[ntpwg] NTPv4 SNMP MIB draft
David L. Mills
mills at udel.edu
Tue Jan 24 22:42:29 UTC 2006
Guys,
I've a little trouble here with nitpicks, which are inline below. I
would however like to take a closer look at what is going on here and
what is the expectation on how the MIB is used. There are two customers
of these data, human and some sort of AI program that can distil reports
and log events.
Think about it this way. The standardized monitoring programs and
statistics recording features have been found very useful over the
years. Let's say one of the goals of the MIB is to allow remote
reconstruction of the data produced by ntpq and recorded by the filegen
facility. So, a litmus test is to ask what MIB queries do I need to
produce a local copy of the loopstats, clockstats, cryptostats,
peerstats, sysstats and rawstats records? Can I reconstruct all or most
of the ntpq billboards from MIB queries?
Another litmus test is what kind of script could be written, possibly a
cron job and/or driven by traps, that could collect the filegen data and
look for spikes and extreme frequency wobbles. Use the rawstats data to
generate a wedge scattergram once per day. Experience here suggests that
the most useful summary statistic of them all.
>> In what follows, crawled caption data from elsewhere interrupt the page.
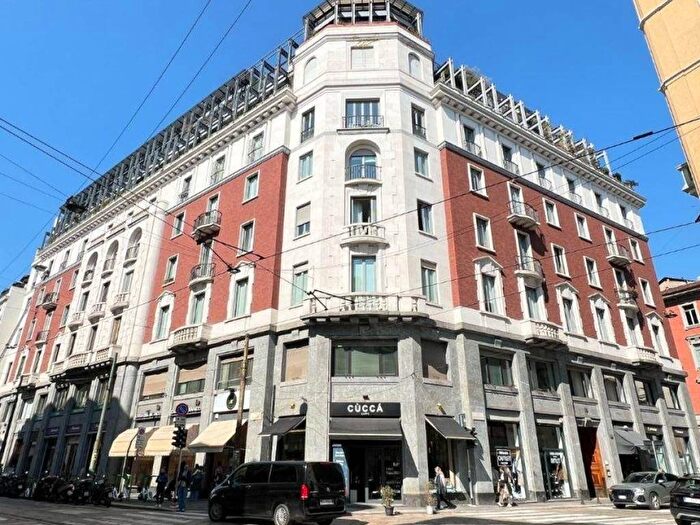 Appartamento quadrilocale in affitto in Corso Magenta, Cadorna Castello, Milano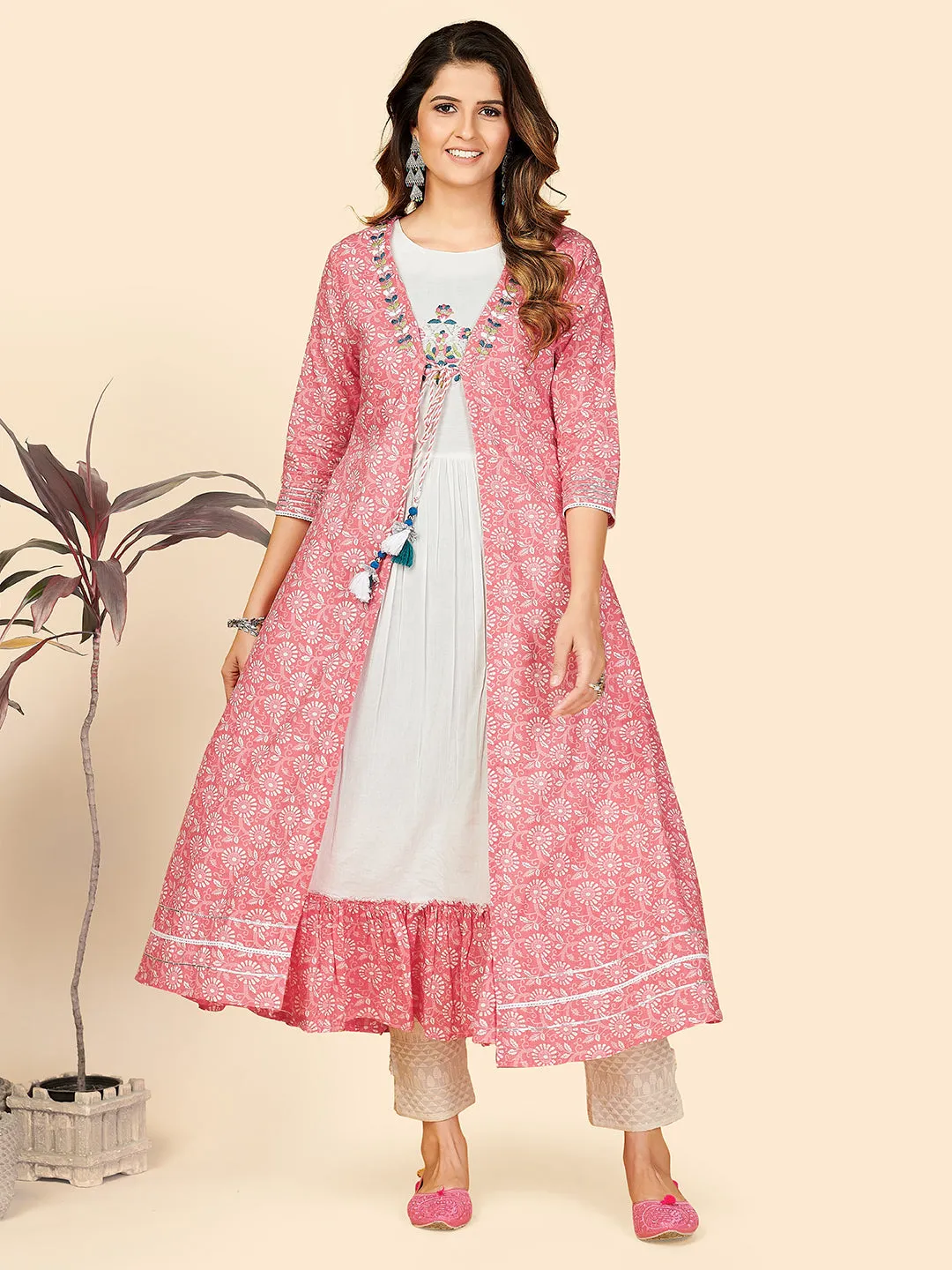 Women'S Printed & Embroidered Flared Cotton Pink Stitched Kurta With Shrug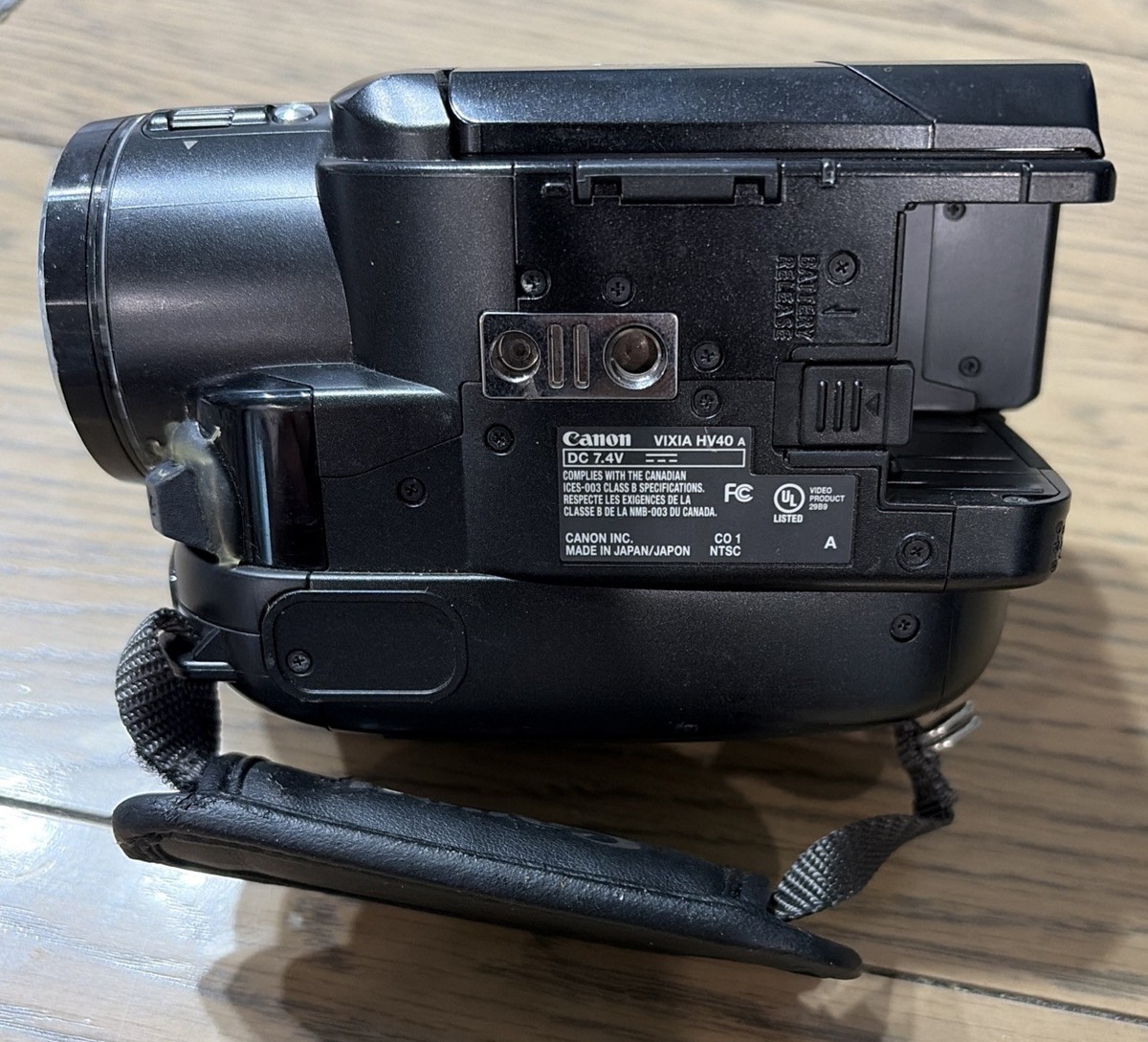Canon VIXIA HV40 MiniDV HDV HD High Definition Camcorder NO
I still have trouble with the data types. A REAL is I assume an IEEE
floating double; a floating single is not very useful. But, if a display
string is included, either a human reads it directly or an AI program
simply parses it, with due regard for precision and headroom. So, why do
we need the binary representation in the first place? If the binary
representation is needed for simple programs in a PIC, for example, then
what is the PIC going to do about the actual value, if no more precise
than the display string?
Dave
ntpSrvTimeResolution OBJECT-TYPE
SYNTAX DisplayString
MAX-ACCESS read-only
STATUS current
DESCRIPTION
"string describing the time resolution of the running NTP
implementation"
-- e.g. "100ns"
-- depends on the NTP implementation and the underlying OS. The
current resolution should be used, so
-- if the OS only suppoers 10ms and ntpd is capable of 1ns, the 10ms
should be advertised
::= { ntpSrvInfo 5 }
xxx You need to use these terms technically. Resolution is the number of
significant bits in a clock reading, which could be one nanosecond,
while precision is the minimum increment that can be distiguished, which
could be as much as a clock tick of 10 ms.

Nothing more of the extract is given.